Ethnographic Immersion in hampstead heath – Sustainability summer school

As part of SOAS’ ‘Anthropology of Sustainability: Global Challenges and Alternative Futures’ summer school, I was invited by Dr. Saad Quasem to take students on an immersive walk into Hampstead Heath. The walk, building off past workshops I’ve been developing inside and outside the academy, aimed to get students practising ethnographic research methods, and more specifically, to explore how anthropologists are well placed to explore humans’ embeddedness in multi-species environments.

We explored how sensory methodologies allow us to think about ‘sustainability’ (as material structure, discourse and ‘alternative future’) in multi-dimensional ways.

The three sensory activities involved smell, touch and hearing. Some of the questions we explored, following the sensory invitations, included:

How might multi-species infrastructures, such as green corridors in cities, shift how inhabitants relate to non-humans? How might the growth of urban food gardens in many cities provide alternative spaces for humans to form relations with more-than-humans? 

In a world where populations increasingly live in environments that shape the body’s genetic make up / cause inter-generational contamination through pollutants, how might this shape how the human body is defined or humans’ sense of entanglement with their wider material environment?

Some of the more personal topics we discussed included:

Traditions around touching or not being able to touch aspects of the environment (tea crops, large trees)

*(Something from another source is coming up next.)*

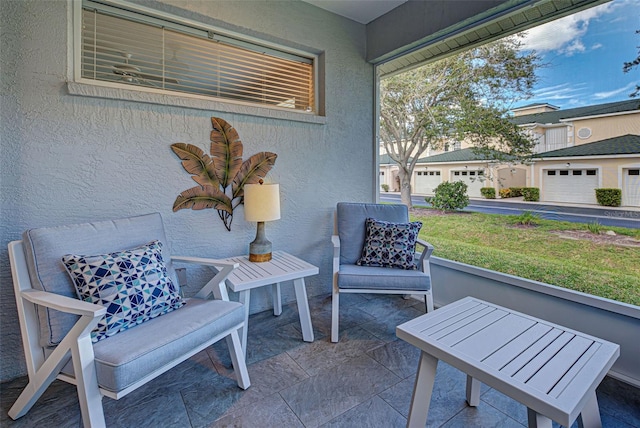 view of patio / terrace featuring a garage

How trees relate to ancestry and how we define ancestry

Memories of grandparents’ teachings around nature

The agency of plants

How we relate to ‘nature’ and ‘culture’ differently depending on where we are in the city (and whether this binary is useful)

Another aim of the workshop was to encourage students to become more self-reflexive as to their assumptions or semi-conscious categories they possess around the natural world. Do they feel plants are animate? how do they define ‘the social’? what does kinship mean to them and does it include multiple species? How do we define ‘the human’?

In anthropology, self-reflexivity is crucial if ethnographers want to avoid projecting presumed universal truths onto other groups. Considering the non-linguistic and sensory way in which humans engage with the wider ecological surroundings (and are shaped by them), it might take touch, smell and hearing (etc) in an outside location to become more aware as to one’s deeply held notions.

Ecological pedagogies, inspired by teachers such as Robin Wall Kimmerer, encourage individuals to place themselves, in both an affective, sensory and discursive way, within the wider context of the ecosystem (allowing that the scientific language of ‘ecosystem’ does not reflect the plethora of how humans conceive of the wider environment). Feeling and encountering the interconnection between multiple beings may make this material reality more immediate – and easier to connect to wider anthropological discussions – than text based or more abstract encounters.

Two students mentioned feeling ‘calm’ after the walk/workshop. The benefits of taking learning out of the academy and outside, and distancing learning from a primarily text/language based format, are multiple. I also sense (and drawing from multiple students’ comments to me) that the context of a park / the outdoors might be less intimating for many students than classrooms in a university building, allowing for more free flowing discussion (and involvement of students who might not normally talk in class).